One of the most significant powers that the U.S. Treasury Department’s Office of Foreign Assets Control wields is the ability to designate individuals or entities as "specially designated nationals." In legal terms, designation as an SDN means that “all property and interests in property [of an SDN] that are in the United States, that hereafter come within the United States, or that are or hereafter come within the possession or control of any United States person ... are blocked.”[1] Perhaps the most straightforward example of this obligation in action is the “freezing” of SDN accounts with U.S. banks — an outcome that deprives the SDN of Joseph Schoorl the ability to withdraw, transfer or otherwise utilize its funds. However, OFAC designations have additional implications because U.S. persons are generally prohibited from dealing with SDNs wherever they are located. This makes virtually any transaction or dealing with an SDN impossible without authorization from OFAC. The Scope of Blockable “Property” and “Property Interests” While the above implications of an OFAC blocking are well understood, it is worthwhile to take a step back and consider the full definition of “property” or “property interest” as defined by OFAC: The terms property and property interest include, but are not limited to, money, checks, drafts, bullion, bank deposits, savings accounts, debts, indebtedness, obligations, notes, guarantees, debentures, stocks, bonds, coupons, any other financial instruments, bankers acceptances,

mortgages, pledges, liens or other rights in the nature of security, warehouse receipts, bills of lading, trust receipts, bills of sale, any other evidences of title, ownership or indebtedness, letters of credit and any documents relating to any rights or obligations thereunder, powers of attorney, goods, wares, merchandise, chattels, stocks on hand, ships, goods on ships, real estate mortgages, deeds of trust, vendors' sales agreements, land contracts, leaseholds, ground rents, real estate and any other interest therein, options, negotiable instruments, trade acceptances, royalties, book accounts, accounts payable, judgments, patents, trademarks or copyrights, insurance policies, safe deposit boxes and their contents, annuities, pooling agreements, services of any nature whatsoever, contracts of any nature whatsoever, and any other property, real, personal, or mixed, tangible or intangible, or interest or interests therein, present, future, or contingent.

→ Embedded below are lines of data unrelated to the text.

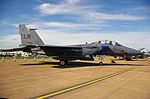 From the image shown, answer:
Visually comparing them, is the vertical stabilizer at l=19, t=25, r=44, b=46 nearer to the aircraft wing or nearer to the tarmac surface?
the aircraft wing

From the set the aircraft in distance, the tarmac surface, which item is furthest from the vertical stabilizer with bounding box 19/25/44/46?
the tarmac surface

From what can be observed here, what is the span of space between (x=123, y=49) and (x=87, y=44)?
4176mm

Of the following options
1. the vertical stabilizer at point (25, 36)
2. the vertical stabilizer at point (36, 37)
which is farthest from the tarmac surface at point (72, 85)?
the vertical stabilizer at point (36, 37)

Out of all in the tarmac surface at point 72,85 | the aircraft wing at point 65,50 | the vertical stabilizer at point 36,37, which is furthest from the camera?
the vertical stabilizer at point 36,37

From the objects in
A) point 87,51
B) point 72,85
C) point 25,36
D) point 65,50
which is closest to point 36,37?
point 25,36

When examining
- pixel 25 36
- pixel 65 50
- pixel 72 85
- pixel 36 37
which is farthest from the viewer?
pixel 36 37

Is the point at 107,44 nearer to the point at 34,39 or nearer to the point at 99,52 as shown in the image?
the point at 99,52

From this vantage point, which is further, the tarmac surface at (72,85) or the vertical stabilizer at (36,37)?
the vertical stabilizer at (36,37)

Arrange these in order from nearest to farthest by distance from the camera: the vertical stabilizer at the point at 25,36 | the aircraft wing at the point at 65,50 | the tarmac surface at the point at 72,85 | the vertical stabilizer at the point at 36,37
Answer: the tarmac surface at the point at 72,85, the aircraft wing at the point at 65,50, the vertical stabilizer at the point at 25,36, the vertical stabilizer at the point at 36,37

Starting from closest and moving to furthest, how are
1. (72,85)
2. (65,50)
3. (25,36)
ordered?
1. (72,85)
2. (65,50)
3. (25,36)

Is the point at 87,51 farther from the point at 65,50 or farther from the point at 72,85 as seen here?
the point at 72,85

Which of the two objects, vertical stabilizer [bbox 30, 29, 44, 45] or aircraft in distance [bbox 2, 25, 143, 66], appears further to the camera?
vertical stabilizer [bbox 30, 29, 44, 45]

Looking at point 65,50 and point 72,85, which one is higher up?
point 65,50

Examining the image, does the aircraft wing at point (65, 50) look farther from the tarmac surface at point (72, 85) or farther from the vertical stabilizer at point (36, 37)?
the tarmac surface at point (72, 85) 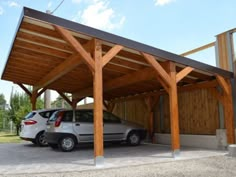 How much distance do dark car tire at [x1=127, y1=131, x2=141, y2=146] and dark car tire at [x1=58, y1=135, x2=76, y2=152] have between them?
2373 mm

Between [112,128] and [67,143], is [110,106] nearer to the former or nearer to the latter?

The most widely known example of the application of this broad conception of “property” is OFAC’s socalled “50 percent rule.” This rule provides that an entity in which one or more SDNs hold a 50 percent or greater interest is itself “blocked by operation of law,” regardless of whether the entity itself is listed in the annex to an executive order or on OFAC’s SDN list.[2] When determining whether an entity is blocked by operation of law, the operative legal question from OFAC’s perspective is whether the SDNs have an interest in the property or interests in property of the entity. The 50 percent threshold is merely a tool for determining whether SDNs have a property interest in the entity by virtue of their ownership stakes. Many of the types of property or property interests mentioned in OFAC’s definition are unsurprising. However, the inclusion of “services of any nature whatsoever, contracts of any nature whatsoever, and any other property ... or interest or interests therein, present, future, or contingent” is particularly expansive and can apply in ways that are less than obvious. SDN Risks Beyond the 50 Percent Rule OFAC has clarified that the 50 percent rule does not apply to entities in which one or more SDNs hold an interest of less than 50 percent or over which SDNs otherwise exercise control.[3] Companies should not assume, however, that the inapplicability of the 50 percent rule ensures against the presence of blockable property or property interests. The following two examples illustrate this point. SDN Officers or Representatives of Non-SDN Companies Consider a non-SDN company with an officer or representative that is designated by OFAC. While U.S. persons could not transact directly with the SDN officer or representatives, the company would not itself be blocked because it is neither designated as an SDN nor 50 percent or more owned by an SDN. Nonetheless, an SDN officer or representative acting on behalf of the non-SDN company could potentially taint U.S. person dealings with the non-SDN company in a number of ways: 

Depending on the non-SDN company’s bylaws or organizational structures, contracts or other transactions could require signature or approval by the SDN officer. The SDN officer’s signature or approval for a transaction with a U.S. person could be a “service” sufficient to create a blockable property interest in a specific transaction.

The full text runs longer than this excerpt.